We surmised that the antibiofilm compound(s) gradually leaks from the wood into the medium prior to reaching the active antibiofilm concentration. To test this hypothesis, we boiled maple wood coupons in water, and added the aqueous extract to the growth medium containing poplar coupons. Maple wood extract induced dispersion of the EPS-biofilms initially formed on the poplar coupons by the EPS-synthesizing strain and dispersed EPS-dependent clumps (Figure 1B), thus supporting our hypothesis.

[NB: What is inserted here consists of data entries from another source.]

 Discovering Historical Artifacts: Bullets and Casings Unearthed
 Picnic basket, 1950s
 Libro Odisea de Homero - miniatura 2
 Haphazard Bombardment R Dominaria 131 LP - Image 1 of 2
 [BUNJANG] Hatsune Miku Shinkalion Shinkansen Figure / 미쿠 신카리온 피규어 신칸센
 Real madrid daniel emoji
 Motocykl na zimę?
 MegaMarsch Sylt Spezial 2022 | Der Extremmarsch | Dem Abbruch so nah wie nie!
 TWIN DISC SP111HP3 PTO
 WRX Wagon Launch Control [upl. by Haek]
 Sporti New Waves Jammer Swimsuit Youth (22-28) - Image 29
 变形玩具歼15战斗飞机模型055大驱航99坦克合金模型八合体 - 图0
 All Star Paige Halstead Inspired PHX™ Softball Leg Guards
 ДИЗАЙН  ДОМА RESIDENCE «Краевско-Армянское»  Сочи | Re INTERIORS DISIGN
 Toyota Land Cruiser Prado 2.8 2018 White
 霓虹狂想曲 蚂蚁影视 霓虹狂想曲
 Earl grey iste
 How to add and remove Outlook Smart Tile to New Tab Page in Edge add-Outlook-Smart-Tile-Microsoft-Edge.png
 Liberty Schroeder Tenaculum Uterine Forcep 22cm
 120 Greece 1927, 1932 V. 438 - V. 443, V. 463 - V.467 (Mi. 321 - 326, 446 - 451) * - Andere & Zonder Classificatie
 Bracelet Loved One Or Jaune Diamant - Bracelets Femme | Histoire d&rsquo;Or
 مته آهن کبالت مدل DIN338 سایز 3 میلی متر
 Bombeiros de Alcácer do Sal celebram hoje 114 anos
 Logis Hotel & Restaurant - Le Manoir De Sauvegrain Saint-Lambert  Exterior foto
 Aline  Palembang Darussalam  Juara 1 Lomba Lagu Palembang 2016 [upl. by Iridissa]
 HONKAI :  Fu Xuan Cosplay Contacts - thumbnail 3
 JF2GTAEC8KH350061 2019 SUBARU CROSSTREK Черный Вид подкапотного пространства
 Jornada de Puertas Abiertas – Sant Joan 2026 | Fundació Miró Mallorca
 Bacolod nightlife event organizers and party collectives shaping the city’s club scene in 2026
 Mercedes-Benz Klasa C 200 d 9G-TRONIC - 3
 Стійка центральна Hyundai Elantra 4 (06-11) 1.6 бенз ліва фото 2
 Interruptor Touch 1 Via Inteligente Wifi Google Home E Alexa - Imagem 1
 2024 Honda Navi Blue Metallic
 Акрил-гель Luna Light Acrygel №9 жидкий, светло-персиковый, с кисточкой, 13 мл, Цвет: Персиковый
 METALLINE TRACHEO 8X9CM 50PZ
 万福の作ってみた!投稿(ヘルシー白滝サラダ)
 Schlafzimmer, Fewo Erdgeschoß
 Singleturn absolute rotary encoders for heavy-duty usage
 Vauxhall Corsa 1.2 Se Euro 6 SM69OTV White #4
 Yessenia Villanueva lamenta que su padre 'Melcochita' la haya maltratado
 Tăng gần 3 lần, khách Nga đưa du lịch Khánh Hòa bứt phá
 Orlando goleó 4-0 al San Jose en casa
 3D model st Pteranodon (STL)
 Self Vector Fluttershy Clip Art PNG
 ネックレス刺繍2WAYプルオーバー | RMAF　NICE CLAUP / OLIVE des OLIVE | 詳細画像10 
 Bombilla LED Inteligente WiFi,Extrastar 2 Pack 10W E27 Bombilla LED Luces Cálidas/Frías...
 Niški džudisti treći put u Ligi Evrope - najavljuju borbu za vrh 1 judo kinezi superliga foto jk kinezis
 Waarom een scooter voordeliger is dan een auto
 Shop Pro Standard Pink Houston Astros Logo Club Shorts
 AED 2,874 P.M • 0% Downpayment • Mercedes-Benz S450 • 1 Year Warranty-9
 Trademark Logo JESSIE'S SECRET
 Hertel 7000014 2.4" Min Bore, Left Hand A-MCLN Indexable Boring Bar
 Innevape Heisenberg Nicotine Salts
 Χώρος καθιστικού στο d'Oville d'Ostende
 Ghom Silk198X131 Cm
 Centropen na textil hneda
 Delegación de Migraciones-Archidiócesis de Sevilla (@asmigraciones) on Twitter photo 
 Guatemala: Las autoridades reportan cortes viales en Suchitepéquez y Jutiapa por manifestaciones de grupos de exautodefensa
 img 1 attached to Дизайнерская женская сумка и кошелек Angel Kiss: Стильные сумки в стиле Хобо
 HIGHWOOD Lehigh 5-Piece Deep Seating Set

To investigate whether the EPS biofilm inhibitor is present in the wood or whether it is derived from hydrolysis of the insoluble lignocellulosic polymers, we compared the maximum activities of the aqueous extracts derived from maple wood coupons that were soaked in water at 90°C or at room temperature. We expected high temperature treatment to yield higher levels of the inhibitor if it was derived from hydrolysis. However, soaking wood coupons at different temperatures generated extracts with very similar final antibiofilm activity (Figure 1C), albeit the maximum concentration was reached faster when wood was soaked at 90°C. This result indicates that the antibiofilm compound(s) is present in the maple wood in the active form and likely slowly leaches out from the wood.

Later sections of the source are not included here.